La faute à la grande distribution ?

Mais le nœud du problème pour les producteurs alimentaires est qu’ils sont dans l’impossibilité de répercuter l’explosion de leurs coûts dans le prix final payé par le client. « Il est très difficile d'obtenir ne fut-ce qu'un rendez-vous avec les différents acteurs du retail », déplore le porte-parole de la Fevia. « Les entreprises ont beau leur expliquer que la situation est exceptionnelle, qu’il faut revoir les contrats, elles ne reçoivent souvent même pas de réponse. Et quand c'est le cas, c'est pour essuyer un refus ou dans de rares cas se voir accorder une augmentation minime des prix. » S’il concède que la concurrence dans la grande distribution est telle qu’il doit être difficile pour ses acteurs d’être le premier à amorcer la hausse, Nicholas Courant prévient néanmoins : « La situation est à ce point exceptionnelle que nous n’avons plus le luxe d'attendre. Sinon, nous aurons vraiment des problèmes au niveau de l'approvisionnement, même si cela reste quelque chose que nous voulons à tout prix éviter. »

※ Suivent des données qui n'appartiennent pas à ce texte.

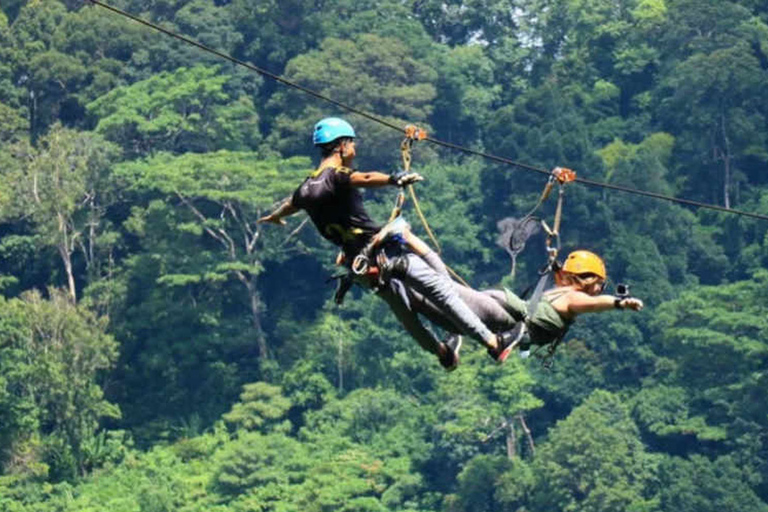 Phuket Skyline Adventure ZiplinesZipline avventura sullo skyline di Phuket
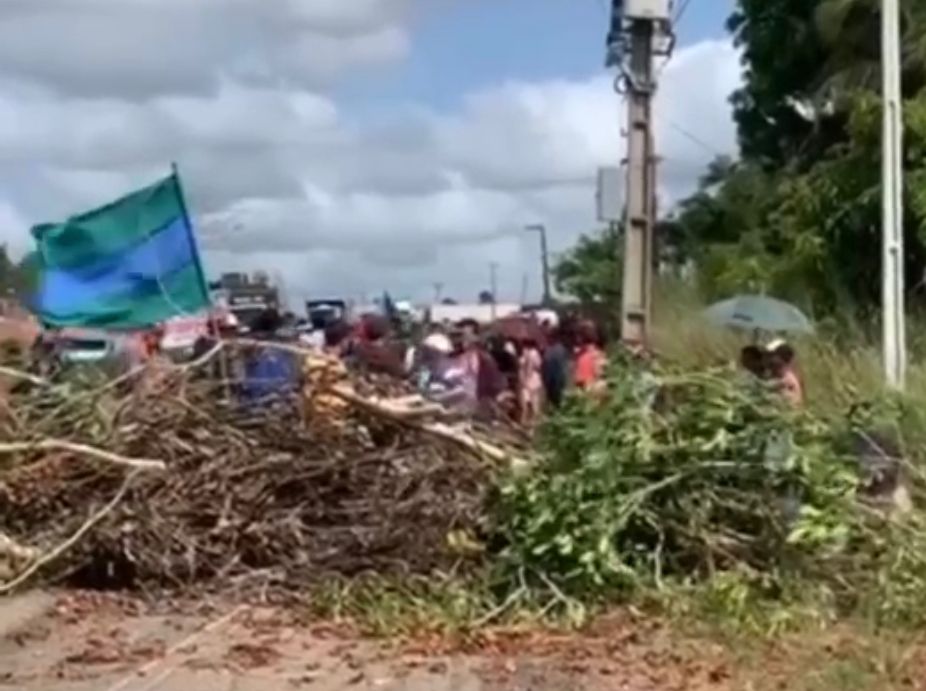 Manifestantes bloqueiam BR-316 em protesto contra grilagem de terras no Maranhão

Pour la Fevia, la solution à cette situation de crise tient pourtant en un seul mot : flexibilité. Dans le chef des retailers, à qui il revient d’accepter des hausses de prix devenues inévitables, mais également dans celui des autorités et des producteurs alimentaires eux-mêmes. « Bon nombre de nos entreprises ont la volonté de continuer, quitte à trouver des solutions parfois créatives comme reformuler des recettes, trouver des ingrédients alternatifs, etc. Mais cela passe aussi par un coup de pouce de la part du gouvernement. Nous demandons par exemple la mise en place de mesures temporaires et pragmatiques en matière d’étiquetage en cas de reformulation d’un produit. Si nous voulons réussir à franchir ce cap, il faudra le faire tous ensemble », conclut le porte-parole de la Fédération de l'industrie alimentaire.